Près d’un siècle écoulé nous donne assez de recul, aujourd’hui, pour constater que la domination française en Italie ne lui a pas été inutile. Mais les contemporains n’ont pas les mêmes raisons de le comprendre. Pendant vingt ans, la France a été l’ennemie. Installée en maîtresse sur le sol italien, elle a bouleversé les coutumes les plus chères, et violé les droits les plus sacrés. Elle s’est attaquée à la religion : n’a-t-on pas vu le Pape passer de ville en ville, traîné vers Paris ? N’a-t-on pas reçu, bientôt, la nouvelle inouïe de sa captivité, et le trône de Saint-Pierre n’a-t-il pas été laissé vide, par la volonté de l’Empereur ? Elle s’est attaquée à l’art. Statues, tableaux, vases, médailles, livres, tout a semblé bon à ces ravisseurs : ils tenaient si fort à ce bien mal acquis, qu’on a eu grand’peine à les obliger à le rendre. La vie même des habitans, les plus jeunes et les plus forts, elle l’a prise : combien sont partis vers les plaines de Russie, qui ne sont jamais revenus ! En compensation, il semble qu’elle n’ait rien donné : elle a toujours promis sans tenir. Ce qui a le plus frappé l’imagination populaire, c’est le traité de Campo Formio. L’optique spéciale aux foules lui donne une importance capitale, unique ; on en fait le symbole de toute la politique française, que l’on accuse d’être une politique de lâcheté et de trahison. Cette impression efface toutes les autres ; elle se prolonge. Aux souffrances réelles qu’on a subies, l’imagination vient ajouter son travail : la haine de la France est faite de tout cela.

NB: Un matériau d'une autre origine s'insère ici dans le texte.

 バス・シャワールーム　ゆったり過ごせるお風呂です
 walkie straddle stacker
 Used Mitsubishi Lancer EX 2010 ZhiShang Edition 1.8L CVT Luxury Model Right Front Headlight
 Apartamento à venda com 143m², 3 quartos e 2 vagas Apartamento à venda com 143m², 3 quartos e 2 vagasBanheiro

Elle est faite d’autre chose encore. De toutes les puissances, la France devrait être la dernière à jouer le rôle de conquérante. D’après les principes qu’elle a proclamés pour elle-même d’abord, ensuite pour le monde entier, ce qui devrait lui répugner le plus, c’est la loi de la force. La contradiction qui oppose ce qu’elle a dit à ce qu’elle fait éclate aux yeux des Italiens. Ce n’est pas en vain qu’elle a prêché chez eux la liberté, l’égalité, la fraternité

  1. Voyez La Critica (anno V, fasc. 1, p. 63) : « L’evoluzione, insomma, comincia in realtà sedici anni prima. » (G. Gentile.)